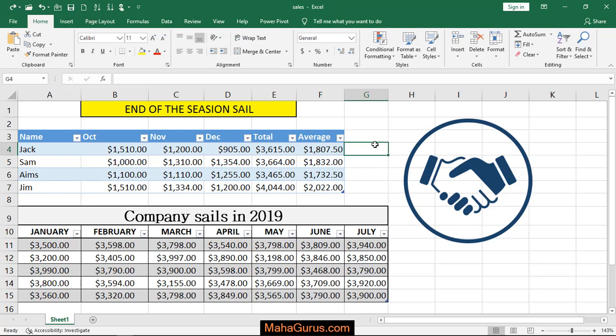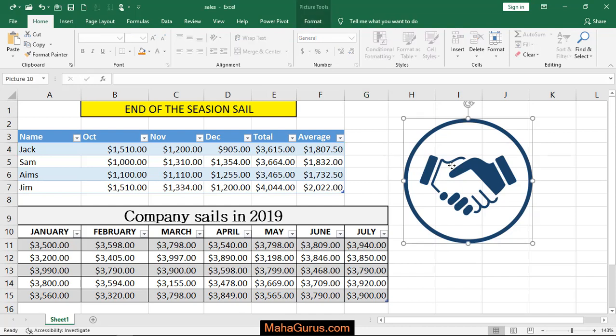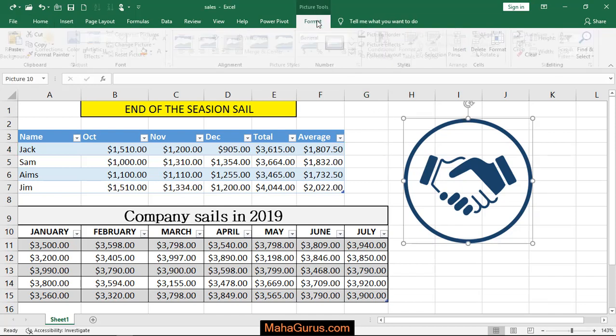Hi guys, welcome back to the YouTube channel. So in this tutorial, we're going to learn how we can apply a picture effect in Microsoft Excel. For that, we'll select the image first and then we have to click on Format.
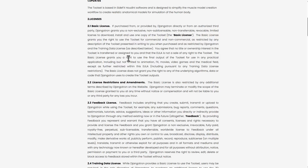The basic license also grants you the right to use the final output of the tool set for any practical application, including but not limited to animation, effects, movies, video games, and the medical field, except as further restricted by the EULA.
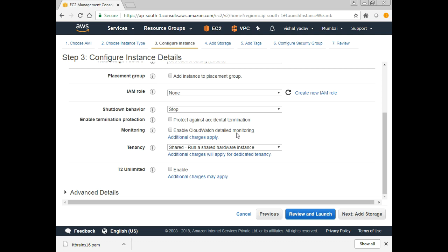Monitoring: by default there are two types available. Basic Monitoring is the default — CloudWatch polls services every five minutes and it's totally free. Detailed Monitoring is chargeable and polls every one minute. I'll not enable detailed monitoring and go with the default basic. Tenancy — the physical hardware on which your virtual machines run can be shared with other AWS customers (default) or dedicated for your virtual machines, but dedicated is chargeable. I'll go with shared.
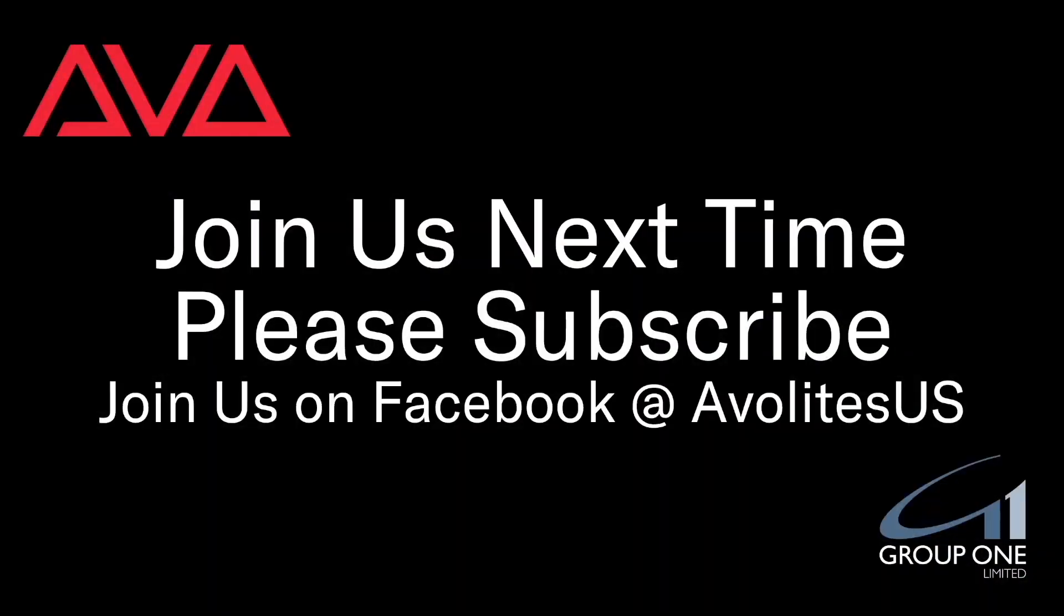So that has been how to use syntax to quickly update cues in your cue list. I hope you learned something. Join us on Facebook at AvoliteUS.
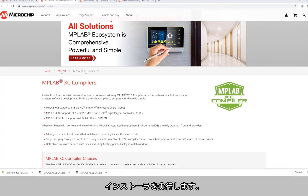Behind the scenes you see NetBeans updating and the IDE loads again. In the next video we'll give you a tour of the IDE and all the major functionality that you will have here.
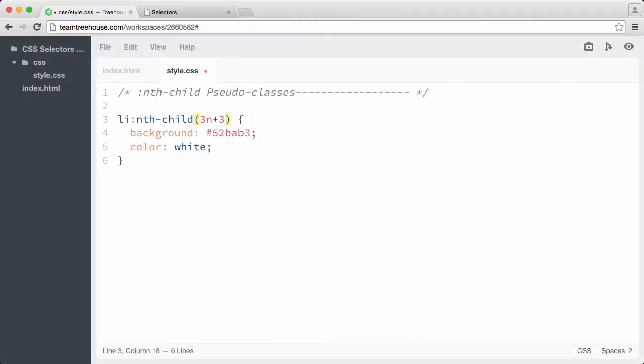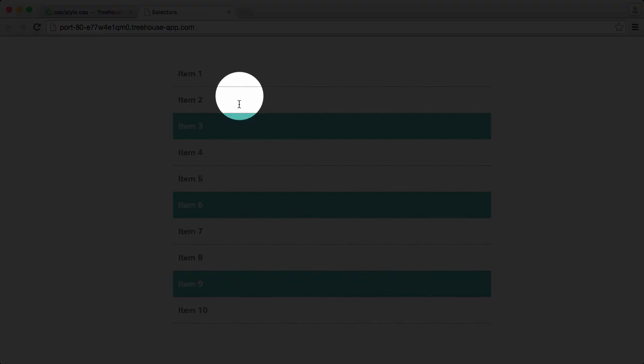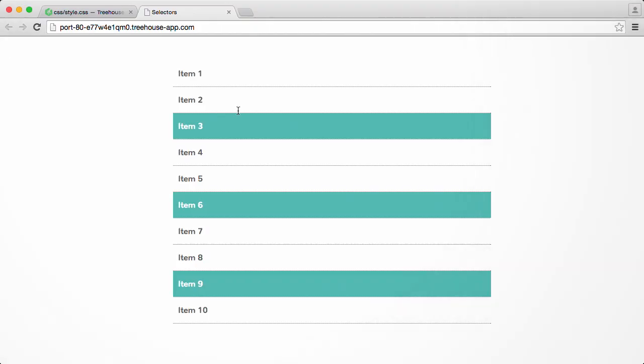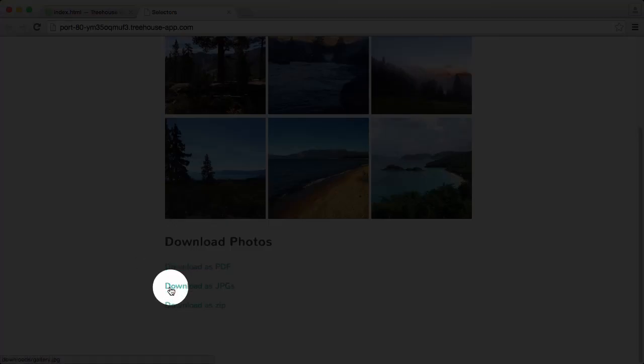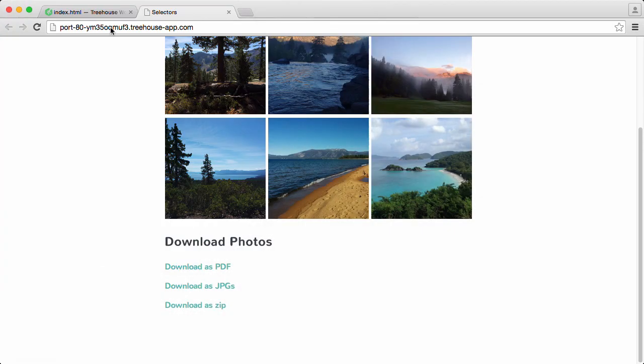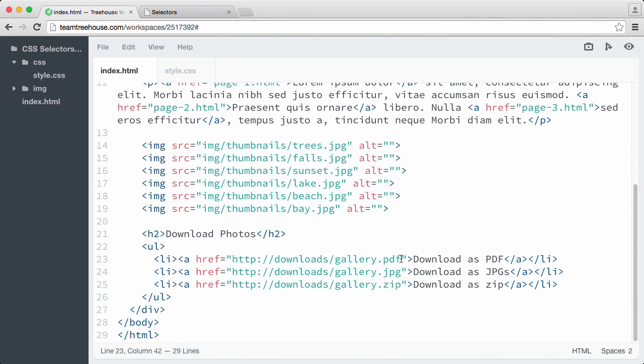Selectors are one of the most important and powerful parts of CSS because they're what allow us to target HTML elements and apply styles to them. But besides the common ways of selecting elements with type, ID and class selectors, we're also able to zero in and target elements based on specific HTML attributes, their position in the HTML document, even their relation to other elements and more.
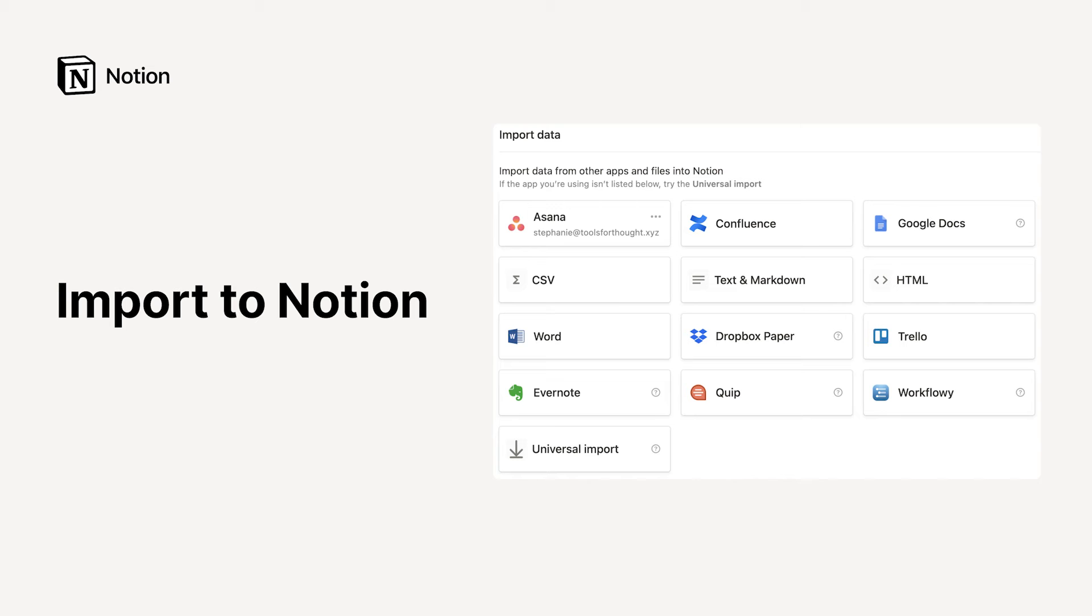With Notion, work doesn't have to be scattered across different tools. You can have your wikis, notes, docs, and projects stored all together.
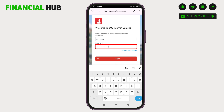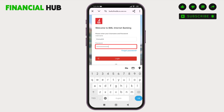After entering your correct username and password, you have to tap on the login button. And then you can successfully log in to BML Internet Banking as well as the BML Mobile Banking.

- - - - - - -

## WORK TO COMPLETE
Your answer should consist of the lines above between those holding "Monitoring: by default" and "Behind the scenes", inclusive, reproduced word for word and without pictures.

## ANSWER
Monitoring: by default there are two types available. Basic Monitoring is the default — CloudWatch polls services every five minutes and it's totally free. Detailed Monitoring is chargeable and polls every one minute. I'll not enable detailed monitoring and go with the default basic. Tenancy — the physical hardware on which your virtual machines run can be shared with other AWS customers (default) or dedicated for your virtual machines, but dedicated is chargeable. I'll go with shared.
So that has been how to use syntax to quickly update cues in your cue list. I hope you learned something. Join us on Facebook at AvoliteUS.
Behind the scenes you see NetBeans updating and the IDE loads again. In the next video we'll give you a tour of the IDE and all the major functionality that you will have here.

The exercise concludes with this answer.